No, give me the prolific ones, where bloom competes with bloom for its moment in the full sun.

Ballerina roses

I don’t know the name of the pink rose at the top, but the second one is Rosa ‘Ballerina’, a shrub rose (technically a hybrid musk) that liberally smothers itself in flowers. The young flowers are bee targets, like fried eggs, dressed up in pink edges for a garden party. The elderly flowers lost their pink days ago, paling to white, and making a lovely contrast. 

Rambling rose covering a doorway in blooms

Rosa ‘Adélaide d’Orléans’ could never be accused of being parsimonious – not when given the conditions it enjoys, at least. We lack gratitude when we complain that a rambling rose doesn’t repeat flower. Some do, but in general, the ones that really blow our socks off do not.

Rosa ‘Peggy Martin’ may look delicate, but has proved to be one of the toughest rambling roses. Also known as The Katrina Rose, this old passalong plant was once nameless, shared only by cuttings passed from one devotee to another, but is now available commercially. It won its name by being the only rose from Peggy Martin’s extensive collection to survive deep floodwater for two weeks.

Yellow rambling rose

If you see a huge tumble of a rambling rose, covered by small, raggedy, buttery yellow blooms, the chances are it is this one. Rosa banksiae lutea is one of the earliest roses to flower each year and all the more welcome for that. Many people know it by the folk name: Lady Bank’s rose.

A white rambling rose tumbling over a fence

I like it when roses open up one colour and change to another. Rosa ‘The Garland’ is a subtle example, shown here tumbling over a garden fence. The buds are a sweet shade of apricot pink, with darker red splashes. The youngest flowers keep their wash of blush, only turning pure white when fully open. Golden stamens add a little extra cheer.

If these roses made your heart dance, don’t sit this one out:
Enveloped In Roses (another weekly challenge post from back in 2015)

Shared  for this week’s photo challenge: prolific.

36 Replies to “Prolific Shrub And Rambler Roses”

  1. Your writing is always good, but this post is positively lyrical. The roses seems to sing to you, and you transcribe. Lovely! Of course you know that the heart-stopper for me was those buds in The Garland. But I did spend some time staring at the roses that seemed to be carved out of butter. All beauties, though!

    1. Rosa banksiae lutea is one of my favourites. I would not care to try to carve many of those blooms out of butter – though if I did, a cold climate would be a big plus!

  2. Yes, the prolific ones are best in the garden, but I will always like the cheap old hybrid tea roses. They were trendy when I was a kid, and they are excellent for cutting. They are still my favorites!

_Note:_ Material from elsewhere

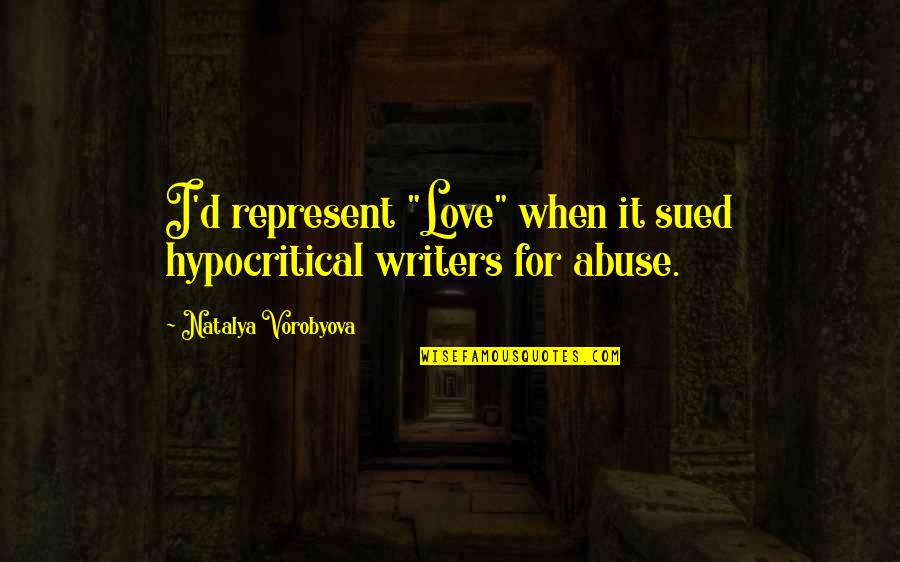 Alayah On The Bachelor Quotes By Natalya Vorobyova: I'd represent "Love" when it sued hypocritical writers Alayah On The Bachelor Quotes By Natalya Vorobyova: I'd represent "Love" when it sued hypocritical writers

      1. They were cool back then! People did not mind spraying them with the chemicals needed to control disease and insects, (although I never did).

        1. My dad was an early environmentalist. I remember him telling us to use the least possible amount of washing up liquid as he was sure it would pollute our rivers.

          1. My ancestors were certainly not environmentalists, but believed that most problems could be solved with proper horticultural techniques, such as severe pruning of peach trees to keep them more vigorous than the peach leaf curl. Also, they believed that plants that needed too much chemicals should not be grown.

    1. That’s a good comparison. We tend to think of the things shrub roses have in common with other roses rather than the things they have in common with other shrubs.